SAP Support case “FOR ALL ENTRIES disaster”

Last week a colleague from the WHM (data warehouse management) support team called me to get some assistance with a customer message he was processing.

The customer complained about short dumps with the infamous “TSV_TNEW_BLOCKS_NO_ROLL_MEMORY” error, which is basically the way an ABAP work process reports that it ran out of memory.

Checking the short dump

Inspecting the short dump a little further gave some hints on what happened:

[...]
|Error analysis
|    The internal table "\\PROGRAM=GP4MHJ3Z311GXR3HBZEIH3F768L\\DATA=IT_AZSDSOO0600"
|     could not be enlarged further.
|
|    Memory location: "Session memory"
|
|    You attempted to extend the data structure for the management of the
|    memory blocks for table "\\PROGRAM=GP4MHJ3Z311GXR3HBZEIH3F768L\\DATA=IT_AZSDSOO06
|    00". However, the 2696208 bytes required for
|    this were no longer available in the specified memory area.
|
|    The amount of memory requested is no longer available.
[...]

OK, apparently it had been tried to load a lot of data into an internal table (IT_AZSDSOO0600) but there hadn’t been enough free memory available for that.
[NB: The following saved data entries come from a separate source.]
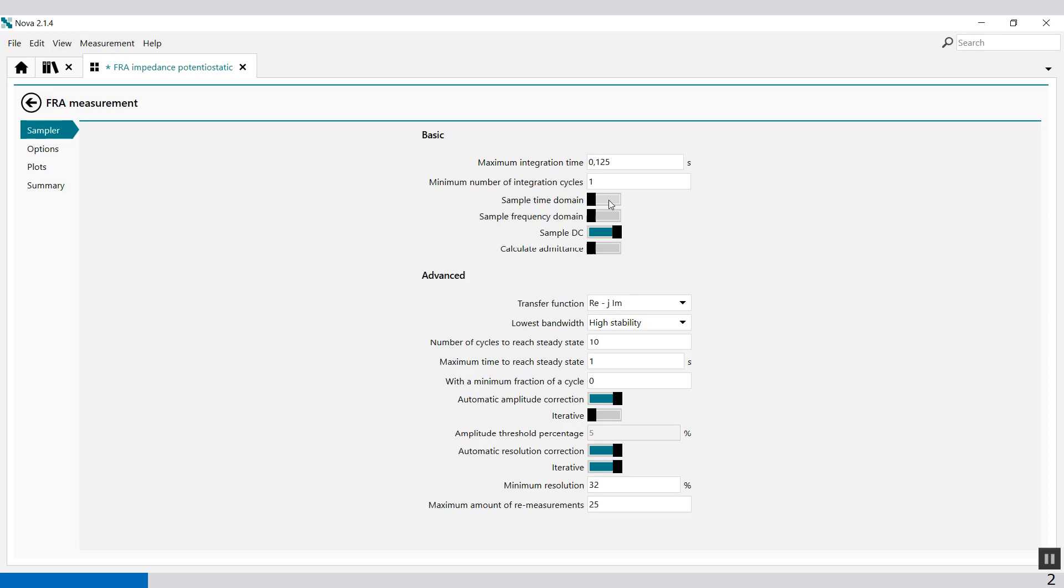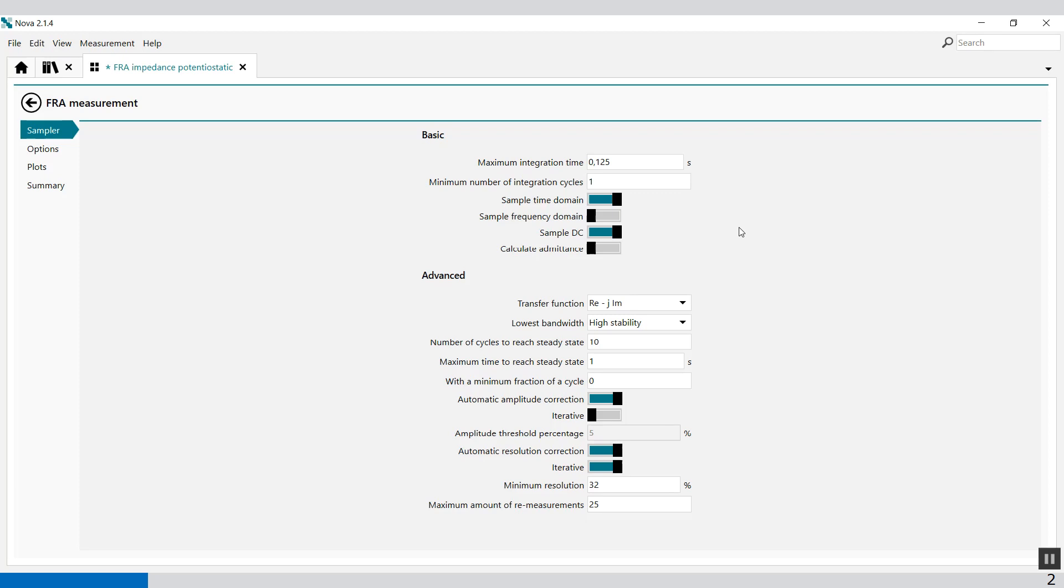You can also sample the time domain. This defines if the time domain information should be sampled during an FRA measurement using the provided toggle. The time domain information consists of the raw potential and current sine waves. This information can be used to build a Lissajous plot or to evaluate the signal-to-noise ratio and to verify the linearity of the cell response. The time domain potential AC and current AC and potential resolution and current resolution signals are added to the data for each individual frequency when this option is ON.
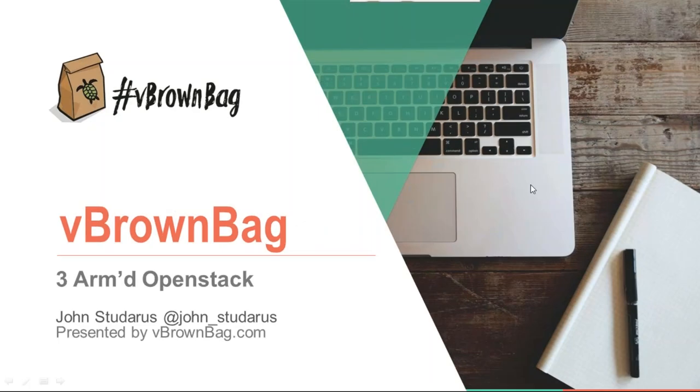Welcome everybody to another episode of vBrownBag. Tonight we have John Studerus, at John underscore Studerus, who's going to present 3Armed OpenStack.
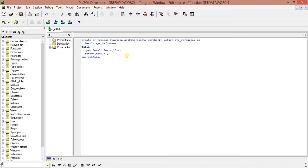The return type is SYS_REFCURSOR, so we are declaring one variable result of SYS_REFCURSOR. It is opening one SQL statement and returning the SQL statement. We are returning it as SYS_REFCURSOR. So this is the function.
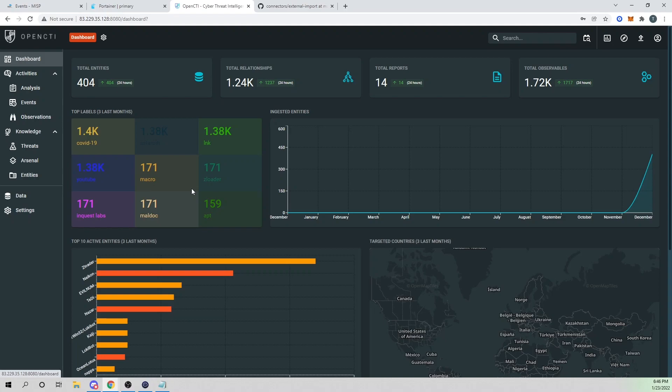Hey Defenders, welcome back. In the last video, we started to import AlienVault data into our OpenCTI instance.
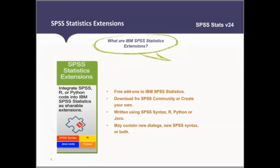These extensions might be running different syntax in the backend and you will not even know. They can have new dialogues, new SPSS syntax, or both. And if you prefer the graphical user interface, there is always the option to do that, but you can also take advantage of these extensions.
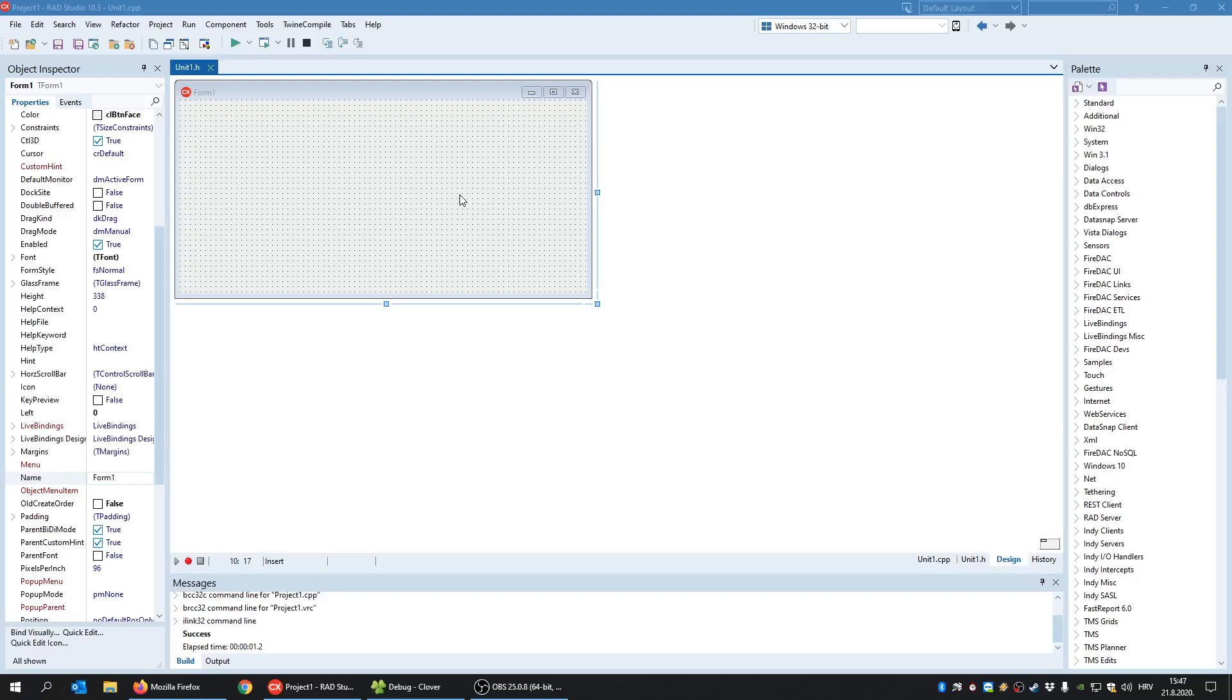Hello everyone and welcome. In this video we are going to see how to create a single instance application. So that is the application that can be run only once at a time.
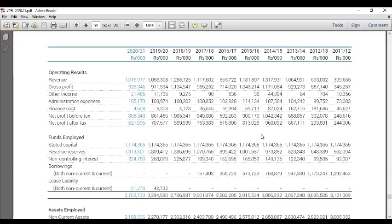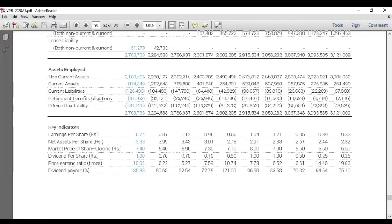We have to add the net profit after tax. So, if you have a financial burden, you can see that you have a dividend per share. The price is $10,000. It is important to note that the share price is higher than the share price.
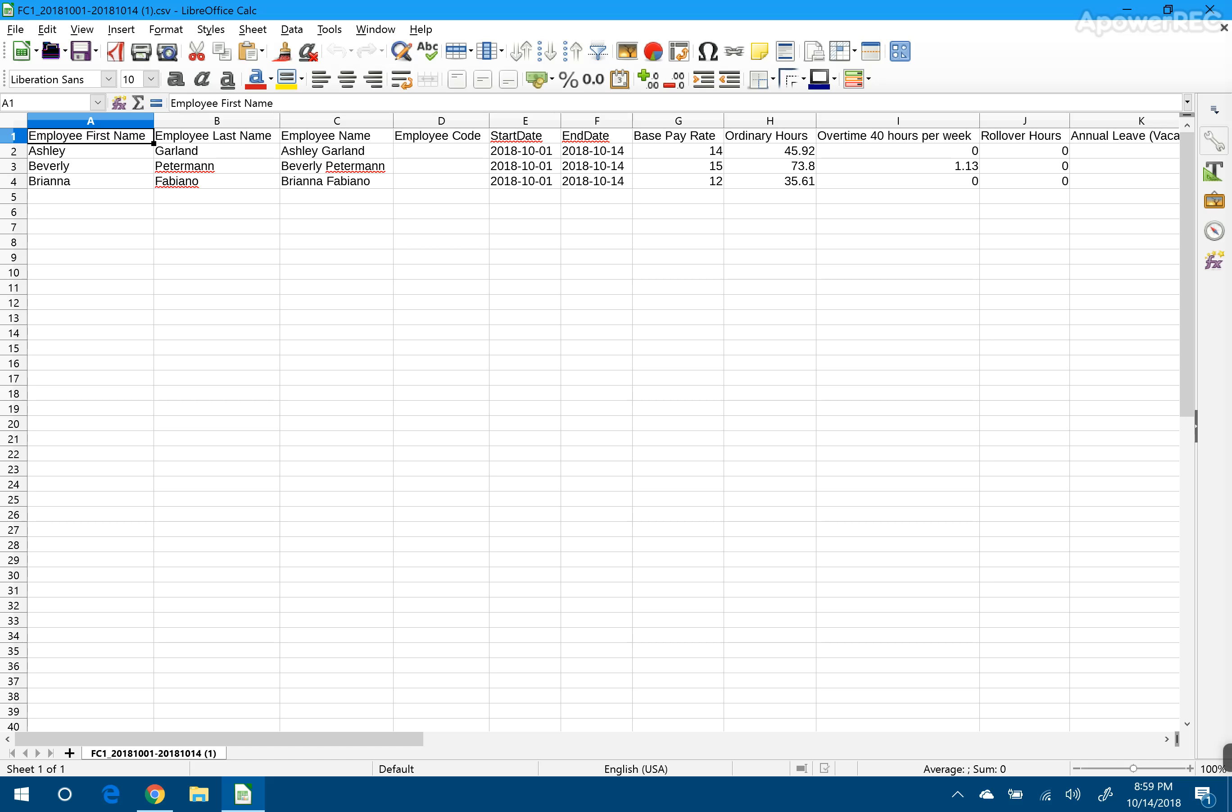When we open it up, it will look like that. And you can see you have your hours, your regular hours, and your overtime hours all laid out for you. So all you have to do is key it into ADP.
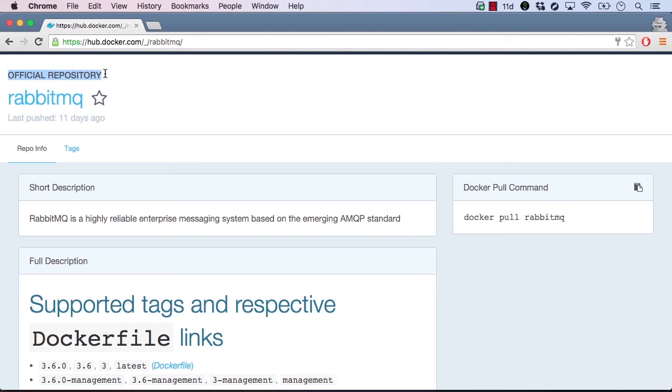That being said, there are a lot of third parties that provide high-quality images as well. The star next to the image repository name is a button that you can click to star or like an image. Starring an image is a good way to mark it as a reminder for later, as well as to give positive feedback to the provider of the image. I'm positive that we'll like this image, so let's star it.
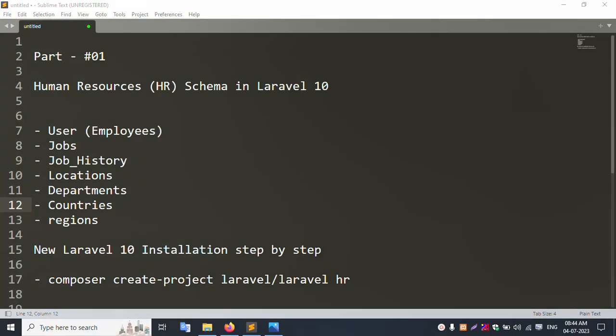Hello everyone, my channel is Error Solution. Today I am discussing the HR schema in Laravel 10 - Human Resource schema in Laravel 10. This is introduction part one. The tables include: users, employees, job, job history, location, department, country, and resignation.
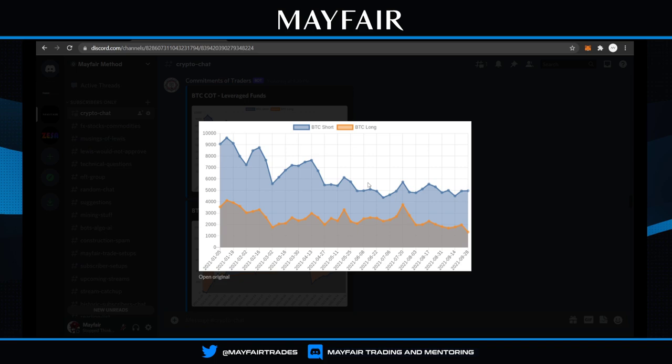I hope this clarifies a lot in terms of the COT information. We go a little further in terms of depth and how to use this in conjunction with things like Wyckoff, Elliott, and so on within the Discord server. I hope this helps - have a great weekend and thank you for watching.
The error message mentions that approx. 2.5 MB had been requested, which is not really much, but not how much space was already allocated.

We also found information about what program caused this issue:

[...]
|Information on where terminated
|    Termination occurred in the ABAP program "GP4MHJ3Z311GXR3HBZEIH3F768L" - in
|     "EXPERT_ROUTINE".
|    The main program was "RSBATCH_EXECUTE_PROZESS ".
[...]

The BW-savvy folks already will have noticed that this is a generated ABAP program.
In SAP BW many activities that are specific to a certain InfoSource/Provider (e.g. loading data, transferring data…) are realized by generated ABAP programs.
These generated programs are usually based on a generic template and could often be extended with so-called expert routines to implement customer specific requirements.
As we see in the error message above, this had been done here as well.
The short dump occurred right in the expert routine of the report.

This is also proven by the stack backtrace resp. the list of active ABAP calls:

[...]
|Active Calls/Events
-------------------------------------------------------------------------------------------------
|No.   Ty.          Program                             Include                             Line
|      Name
-------------------------------------------------------------------------------------------------
|    7 METHOD       GP4MHJ3Z311GXR3HBZEIH3F768L         GP4MHJ3Z311GXR3HBZEIH3F768L           557
|      LCL_TRANSFORM=>EXPERT_ROUTINE
|    6 METHOD       GP4MHJ3Z311GXR3HBZEIH3F768L         GP4MHJ3Z311GXR3HBZEIH3F768L           504
|      LCL_TRANSFORM=>EXECUTE
[...]

The dump also nicely includes a snipped from the ABAP source where the error occurred (line 557):

[...]
|Source Code Extract
---------------------------------------------------------------------------
|Line |SourceCde
---------------------------------------------------------------------------
|  545|  METHOD expert_routine.
|  546|*=== Segments ===
|  547|
|  548|    FIELD-SYMBOLS:
|  549|      <SOURCE_FIELDS>    TYPE _ty_s_SC_1.
|  550|
|  551|    DATA:
|  552|      RESULT_FIELDS      TYPE _ty_s_TG_1.
|  553|    ... "insert your code here
|  554|
|  555|    if not SOURCE_PACKAGE is initial.
|  556|
|>>>>>|      select DOC_NUMBER DOC_CATEG REASON_REJ /BIC/ZCPP_NO  GROSS_WGT
|  558|        BASE_UOM NET_VALUE ITEM_CATEG UNIT_OF_WT /BIC/ZCASE_DAT
|  559|      from /BIC/AZSDSOO0600
|  560|              into corresponding fields of table it_AZSDSOO0600
|  561|        for all entries in SOURCE_PACKAGE
|  562|               where /BIC/ZCPP_NO = SOURCE_PACKAGE-/BIC/ZCPP_NO .
[...]

A hot lead

There we have it: A simple SELECT statement should have loaded data from the active
data table of a PSA/ODS into the internal table it_AZSDSOO0600.
If you check and compare this with the information a few paragraphs above, you’ll find that this is the internal table for which not enough memory was available.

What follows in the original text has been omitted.